From contracted murders to crimes of passion, South Africa has seen many high-profile cases gripping the nation with their trails, judgements and appeals.
While most wrapped up towards the end of last year, many have spilled into 2017 and continue to transfix us through the media. With the current hype surrounding the Van Breda trial, it is evident that local lawyers and attorneys are hard-pressed for some time away from the courtroom. If you’re looking to rub shoulders with some of them, we’ve scoured the Mother City to find just where these legal minds go to ponder their latest developments, or completely escape from the onus of jurisprudence.
CAPE TOWN CLUB
Located next to the High Court, and just a stones throw from the prestigious Huguenot Chambers, Cape Town Club is a gentlemanly burrow with colonial flair. The hard-wood furnishings, leather armchairs and chesterfield couches are reminiscent of the stoic architectural masterpieces by Sir Herbert Baker, who designed the club in 1898. An exclusive members-only bar is where you’ll find an advocate congregation, as they unwind with craft beer and indulgent malts. Its warm and homely atmosphere complements a burning wood fire and old-style library that enshrines an archive of South African history.
TWANKEY BAR AT THE TAJ
Indeed a rare find, this ritzy little gem is shrouded in Cape history and culture on the corner of Wale and Adderley street. Twankey Bar is nurtured in what was once the Temple Chambers – the old BOE building – its title given to it as a tribute to the Barristers of the Supreme Court, who had their offices there. Today, the bar continues to showcase the building’s neo-classical design and exudes the same grand, yet calm, ambience of tradition and wealth. Spectators vested in the ins-and-outs of on-going cases will easily spot droppings of lawyers loosening their ties and turning up their cuffs on a Friday afternoon. Hearty meals and a lavish cocktail menu serve as the custodian for the bar’s trademark high class and quality. Award-winning mixologist, AJ Snetler uses carefully crafted methods to ensure every infusion, syrup and garnish is made from scratch.
HIDDEN GIN BAR
The Hidden Gin Bar is just that – an undercover rendezvous for Cape Town’s inner circle. Perhaps it’s convenient (yet secret) CBD location, or it’s rustic courtyard with high walls that block you out from reality, but this pocket-sized Victorian-style bar is a magnet for judiciary-figures in the Wale street vicinity and surrounds.
95 ON KEEROM
Just off Parliament and the Company Gardens is nestled a casual yet elegant Italian eatery. Circa 1682, this location originally housed the stables and slave quarters of the Dutch East India Company, which lend to the fascinating features of the restaurant’s now eclectic aesthetic. Original elements such as the facade and exposed brick walls have been cultivated to create a modern, open-plan hotspot for the city’s high-flyers. With the Cape Town High Court just up the street, here is where you’re bound to find members of council or run into judges as they step out for a lunch time intermission.
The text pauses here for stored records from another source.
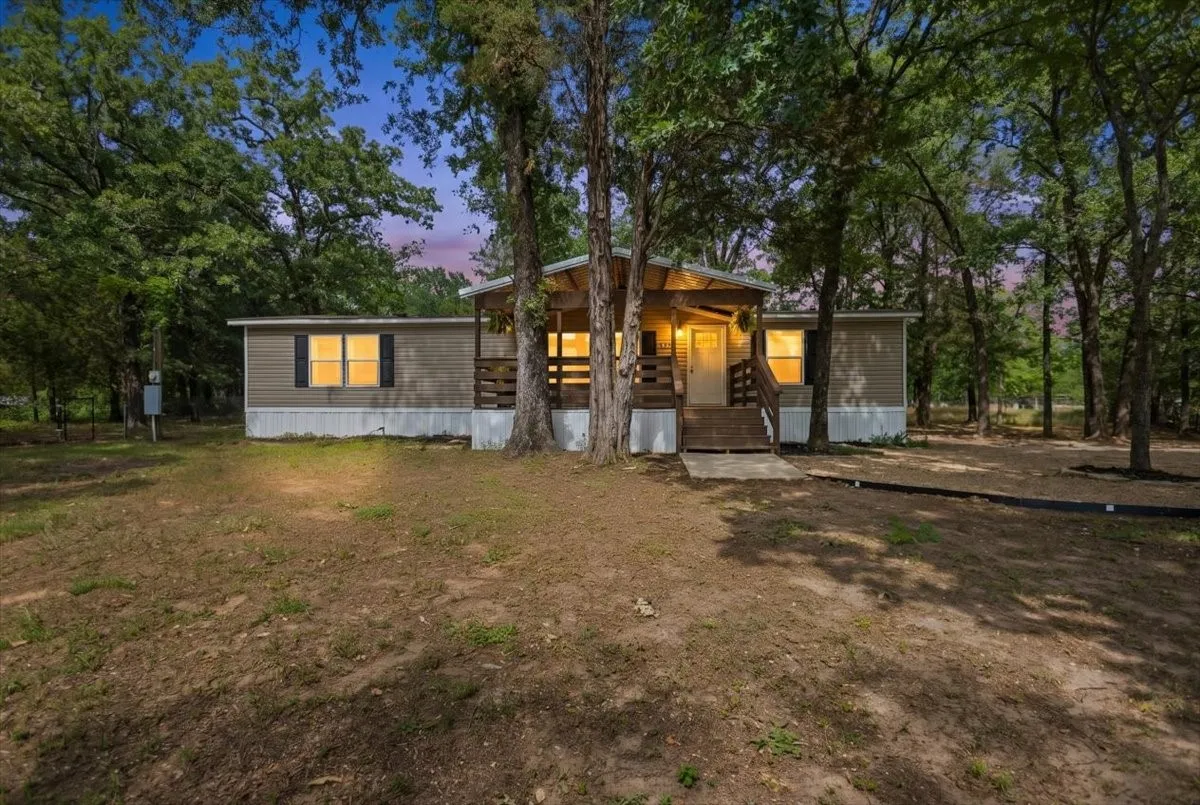 Manufactured Home For Sale in Henderson County , 118 Cedar Ridge Drive, Eustace, Texas 75124, 3 Bedroom, 2 Bathroom, Garage spaces, 1,456 Sqft, built in 2017, mls#21283619, Real Estate Agent in Eustace, Homes For Sale in Henderson county, Homes For Sale in Eustace, Realtor in Eustace Texas, Real Estate Brokerage Independent Realty Texas, Luminita Cordes Realtor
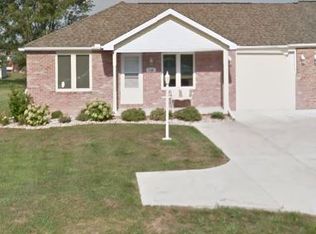 1124 N Main St, Washington, IL 61571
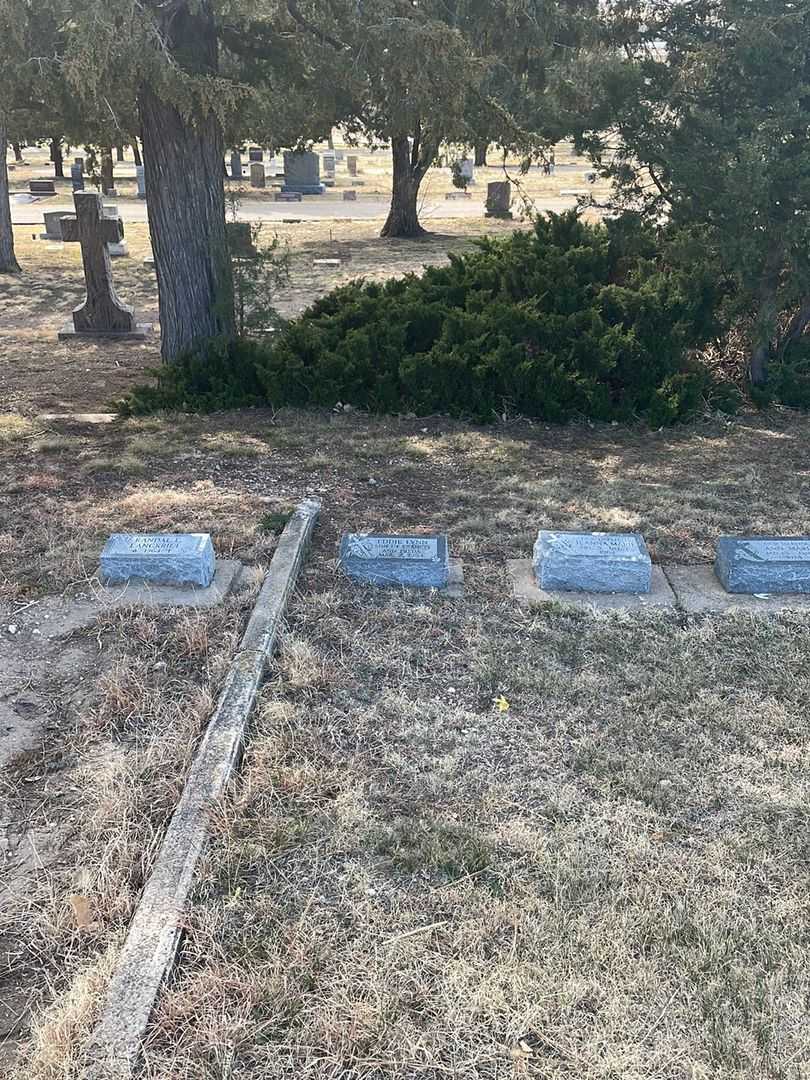 Ann Marie Lanckriet's grave. Photo 3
The same head chef of 95 on Keerom, Giorgio Navas, transferred his signature Mediterranean fare to a sleek and stylish steak-house in the heart of CT’s legal district. The restaurant’s industrial vibe is coupled with paired-down dishes that highlight the meaty focal point. Alongside prime beef, lamb and venison, the menu boasts unique options of beef carpaccio, veal sweetbreads or superb raviolli filled with slow-baked shoulder of Karoo lamb. The cosmopolitan crowd features many a hungry legal worker, who frequent here after a hard day’s work leaves them ravenous.
Another firm favourite of members of The Cape Bar, Cafe Frank offers nutritious, fresh, canteen-style dining for lunch on-the-go. A short walk from chambers, health-conscious lawyers and attorneys often make a stop here to replenish with salads, tasty chicken or wholesome snacks. Not the usual hardened man-cave of bars and clubs, this cafe injects a light-hearted approach to the taxing and serious tasks undertaken by some of the country’s most esteemed public servants.